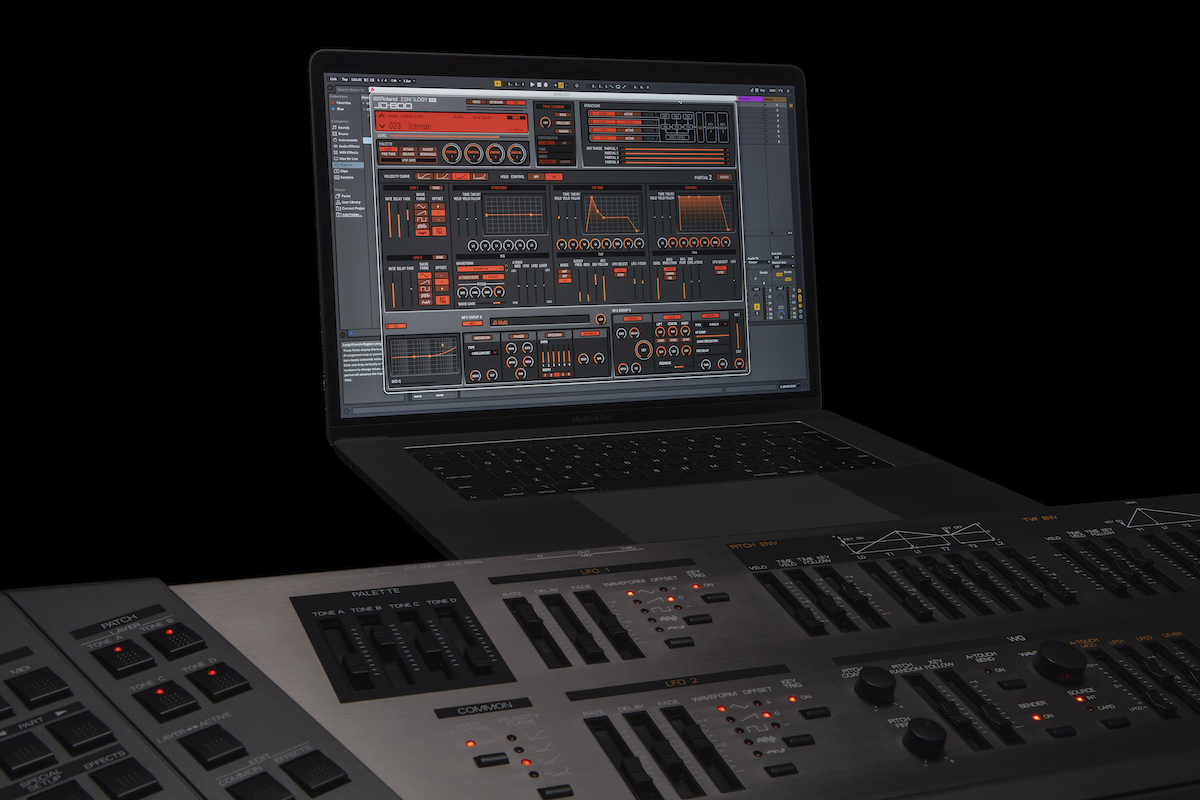 Roland Announces JD-800 Model Expansion - Gearjunkies - Music tech news ...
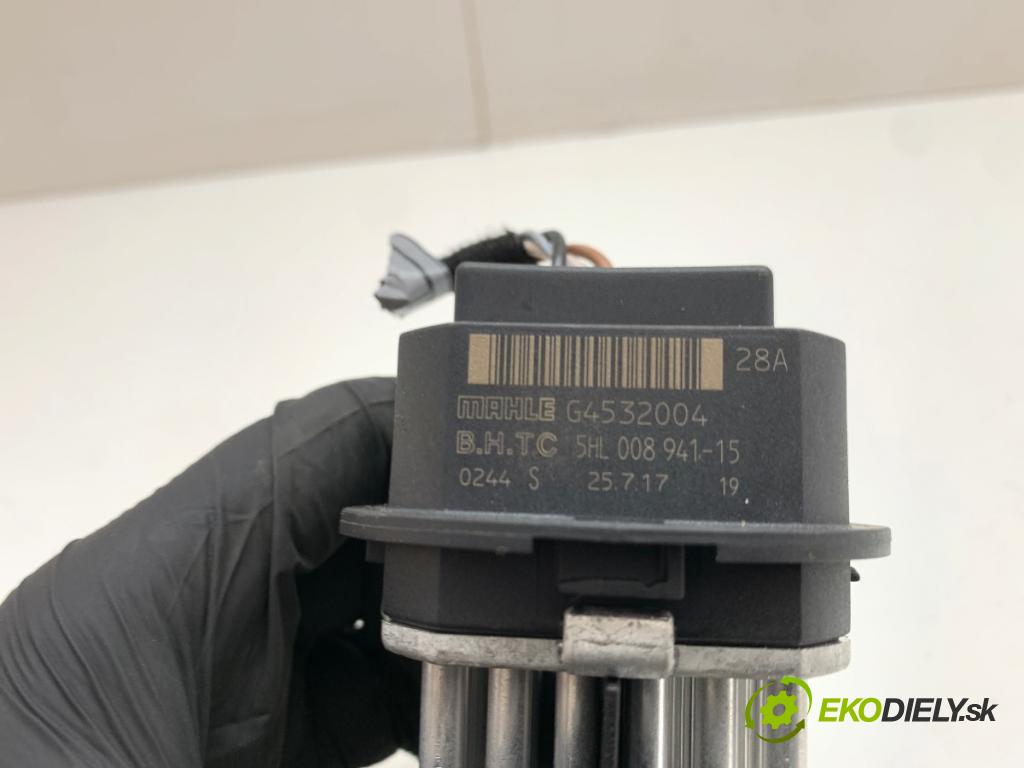 BMW F15 SUV 2018 225 kW xDrive 35 i 2979 odpor rezistor topení vzduchu G4532004 (Odpor topení)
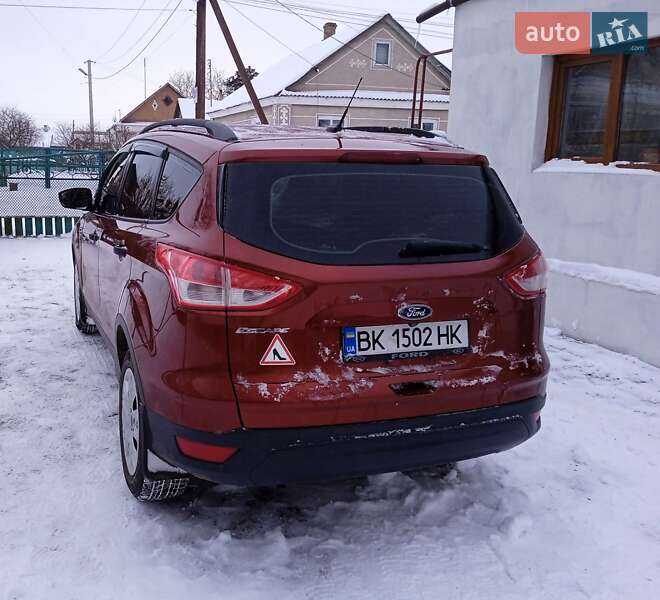 Позашляховик / Кросовер Ford Escape 2015 в Острозі фото 6 Позашляховик / Кросовер Ford Escape 2015 в Острозі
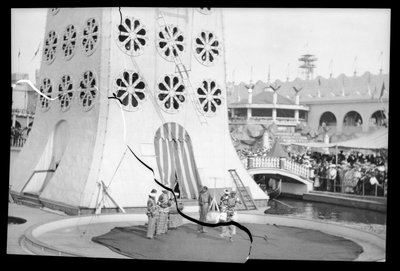 Luna Park, 1903 - Eugene Wemlinger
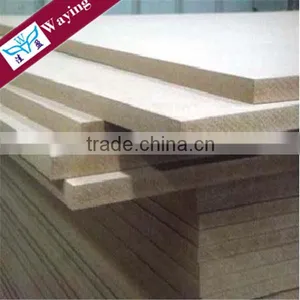 Made in China Melamine Faced Mdf Green Board thumbnail-1
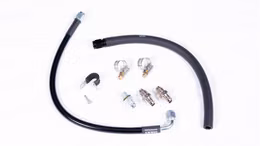 SKM-PS104C, Sikky Manufacturing Power Steering Line Kits for 1993-1995 RX-7 - PS104C in UAE, Dubai. Condition - new. Price 870 AED. Photo, seller contacts | AUTO.AE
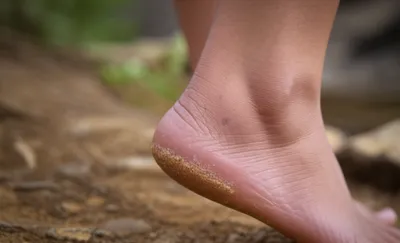 Illustration blistered - Image 1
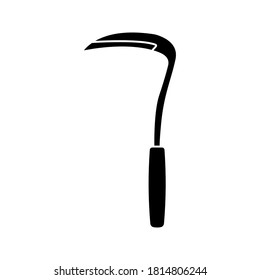 Icono de la seda sobre fondo blanco. ilustración vectorial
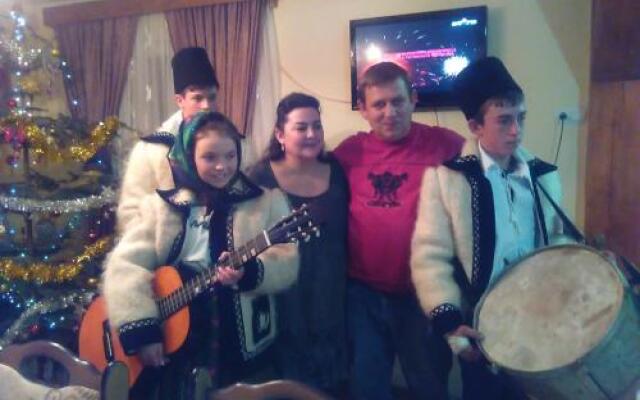 Pensiunea Ana Orghici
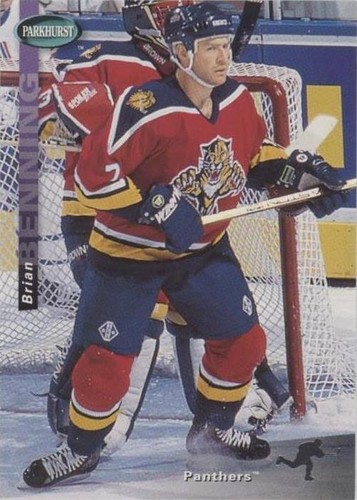 1994-95 Parkhurst SE - Brian Benning #SE65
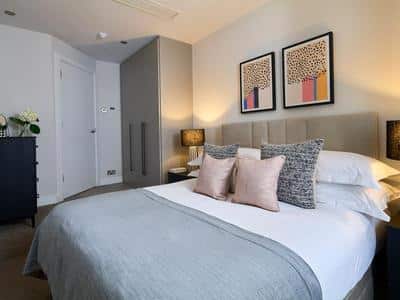 Superior Two Bedroom Apartment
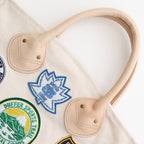 TOTE BAG #NATURAL [DNS25A01]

----------------------------------------

__Task brief__
Return the records above verbatim, leaving out images.

__Response area__
 Roland Announces JD-800 Model Expansion - Gearjunkies - Music tech news ...
 BMW F15 SUV 2018 225 kW xDrive 35 i 2979 odpor rezistor topení vzduchu G4532004 (Odpor topení)
 Позашляховик / Кросовер Ford Escape 2015 в Острозі фото 6 Позашляховик / Кросовер Ford Escape 2015 в Острозі
 Luna Park, 1903 - Eugene Wemlinger
 Made in China Melamine Faced Mdf Green Board thumbnail-1
 SKM-PS104C, Sikky Manufacturing Power Steering Line Kits for 1993-1995 RX-7 - PS104C in UAE, Dubai. Condition - new. Price 870 AED. Photo, seller contacts | AUTO.AE
 Illustration blistered - Image 1
 Icono de la seda sobre fondo blanco. ilustración vectorial
 Pensiunea Ana Orghici
 1994-95 Parkhurst SE - Brian Benning #SE65
 Superior Two Bedroom Apartment
 TOTE BAG #NATURAL [DNS25A01]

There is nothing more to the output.